There are 4 different methods of braking a motor that VFDs can use. Two of them, Dynamic Braking (DB) and DC Injection Braking (DCIB), are included in most standard VFDs.
Charles Cowie already described the Dynamic Braking wherein the kinetic energy in the rotating load is transmuted into electrical energy and pulled off of a motor by making it a generator, then is converted again into heat energy in a resistor (or distributed out to other inverters on the same DC bus), removing it safely from the motor.
In DCIB, the transistors are fired in a pattern that pumps DC into one set of windings in the stator, setting up a now stationary magnetic field. As the rotor bars pass through that field, they create a counter-rotating magnetic field that opposes the direction of rotation and brings the motor to a stop. In this method, the kinetic energy of the rotating mass is absorbed by the motor rotor and stator, so it has negative consequences if over used.
The third braking method is called Flux Braking (FB) but requires the use of a good quality Vector type VFD. This is because in Vector Control, the VFD can calculate and separate the flux producing current from the torque producing current, which is one reason why Vector control can be so much more accurate. The normal goal in doing this is to give the motor only JUST ENOUGH flux current to excite the windings without overheating them, reserving more of the available current for producing torque. But in Flux Braking, the VFD turns the motor into a generator just as in Dynamic Braking, but instead of pumping that energy into external resistors as heat, it purposely consumes that energy by increasing the flux current into the motor. So what it is doing is using the MOTOR as the braking resistor. FB therefor has similar possible negative consequences seen in DCIB, but does not require the external resistors like DB. Not all VFDs sold as "Vector Drives" are capable of this, it takes a true Flux Vector Control capability drive.

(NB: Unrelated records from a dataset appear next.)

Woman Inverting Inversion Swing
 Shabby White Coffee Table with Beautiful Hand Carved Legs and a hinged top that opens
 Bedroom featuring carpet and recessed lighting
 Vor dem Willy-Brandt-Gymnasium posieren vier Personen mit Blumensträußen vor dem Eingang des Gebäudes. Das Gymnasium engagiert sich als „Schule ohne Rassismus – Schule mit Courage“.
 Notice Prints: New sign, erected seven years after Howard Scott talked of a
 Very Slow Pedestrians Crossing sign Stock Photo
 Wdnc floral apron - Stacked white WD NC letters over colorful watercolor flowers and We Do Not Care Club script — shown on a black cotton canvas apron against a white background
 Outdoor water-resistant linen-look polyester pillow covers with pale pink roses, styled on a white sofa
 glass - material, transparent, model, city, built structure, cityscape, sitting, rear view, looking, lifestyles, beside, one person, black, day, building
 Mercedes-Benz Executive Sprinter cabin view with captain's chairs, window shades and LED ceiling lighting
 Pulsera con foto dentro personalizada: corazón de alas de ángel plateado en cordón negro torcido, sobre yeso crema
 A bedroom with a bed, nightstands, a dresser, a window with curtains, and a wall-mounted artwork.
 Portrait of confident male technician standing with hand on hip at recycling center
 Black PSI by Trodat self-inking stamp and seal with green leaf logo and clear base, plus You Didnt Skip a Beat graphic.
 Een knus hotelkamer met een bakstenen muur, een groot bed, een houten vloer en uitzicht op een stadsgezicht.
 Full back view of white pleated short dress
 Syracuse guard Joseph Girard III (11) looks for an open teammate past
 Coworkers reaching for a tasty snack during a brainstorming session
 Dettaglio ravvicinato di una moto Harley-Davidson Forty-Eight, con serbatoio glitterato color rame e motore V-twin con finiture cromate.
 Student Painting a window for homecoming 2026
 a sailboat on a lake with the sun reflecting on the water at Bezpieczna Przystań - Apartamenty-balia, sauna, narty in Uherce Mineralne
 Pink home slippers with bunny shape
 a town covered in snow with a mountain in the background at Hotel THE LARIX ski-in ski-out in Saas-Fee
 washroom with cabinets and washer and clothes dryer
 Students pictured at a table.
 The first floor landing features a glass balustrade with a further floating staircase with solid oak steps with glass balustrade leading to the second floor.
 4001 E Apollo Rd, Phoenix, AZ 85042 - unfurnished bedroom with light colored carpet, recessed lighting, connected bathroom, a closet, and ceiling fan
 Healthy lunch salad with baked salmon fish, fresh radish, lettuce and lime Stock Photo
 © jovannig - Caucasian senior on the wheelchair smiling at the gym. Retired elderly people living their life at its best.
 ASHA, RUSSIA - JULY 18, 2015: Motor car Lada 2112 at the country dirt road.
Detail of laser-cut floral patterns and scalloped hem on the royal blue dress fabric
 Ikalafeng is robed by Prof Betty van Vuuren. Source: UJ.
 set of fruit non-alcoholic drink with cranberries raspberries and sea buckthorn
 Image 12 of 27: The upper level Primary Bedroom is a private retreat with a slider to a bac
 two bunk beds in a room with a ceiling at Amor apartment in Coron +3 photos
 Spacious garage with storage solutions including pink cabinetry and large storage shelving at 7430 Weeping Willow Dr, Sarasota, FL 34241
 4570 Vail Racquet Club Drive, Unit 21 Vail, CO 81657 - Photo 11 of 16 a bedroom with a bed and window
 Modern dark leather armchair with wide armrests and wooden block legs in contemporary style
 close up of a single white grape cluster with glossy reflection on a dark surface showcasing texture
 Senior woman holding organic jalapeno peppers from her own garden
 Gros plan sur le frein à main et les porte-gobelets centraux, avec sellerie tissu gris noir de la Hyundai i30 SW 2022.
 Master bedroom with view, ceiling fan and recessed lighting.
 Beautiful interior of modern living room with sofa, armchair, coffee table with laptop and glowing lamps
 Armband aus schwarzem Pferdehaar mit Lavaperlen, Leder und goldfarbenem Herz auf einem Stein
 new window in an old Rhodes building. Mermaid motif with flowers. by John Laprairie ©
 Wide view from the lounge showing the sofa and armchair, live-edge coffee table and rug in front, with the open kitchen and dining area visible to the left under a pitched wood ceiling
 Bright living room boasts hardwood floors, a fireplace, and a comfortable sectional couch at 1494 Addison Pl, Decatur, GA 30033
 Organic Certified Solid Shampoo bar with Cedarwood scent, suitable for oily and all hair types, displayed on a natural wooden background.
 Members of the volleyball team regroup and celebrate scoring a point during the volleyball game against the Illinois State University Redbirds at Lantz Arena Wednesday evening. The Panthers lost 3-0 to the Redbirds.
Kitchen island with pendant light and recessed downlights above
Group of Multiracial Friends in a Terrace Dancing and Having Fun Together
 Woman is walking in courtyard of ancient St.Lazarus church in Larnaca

The fourth braking method, Line Regenerative Braking, requires another different type of VFD, called an "Active Front End" (AFE) topology. Instead of the simple passive diode bridge rectifier, the VFD has another set of active transistors on the front-end converter section, called a "Line Inverter" (as opposed to a "Load Inverter"). So again, taking the regenerated energy off of the motor, the Line Inverter then pumps that energy BACK into the line side to be used by other AC loads in your system. Like DB and FB it removes the energy from the motor as a generator, but instead of "wasting" it in a resistor or into the motor flux, it is recaptured for use elsewhere. The downside of this type is that the VFD is significantly more expensive because you are using two inverters back-to-back. It's not quite twice the price of a standard VFD, but it is a lot more money. However if your duty cycle is high and/or you need to provide continuous or near continuous braking, this method provides a major benefit.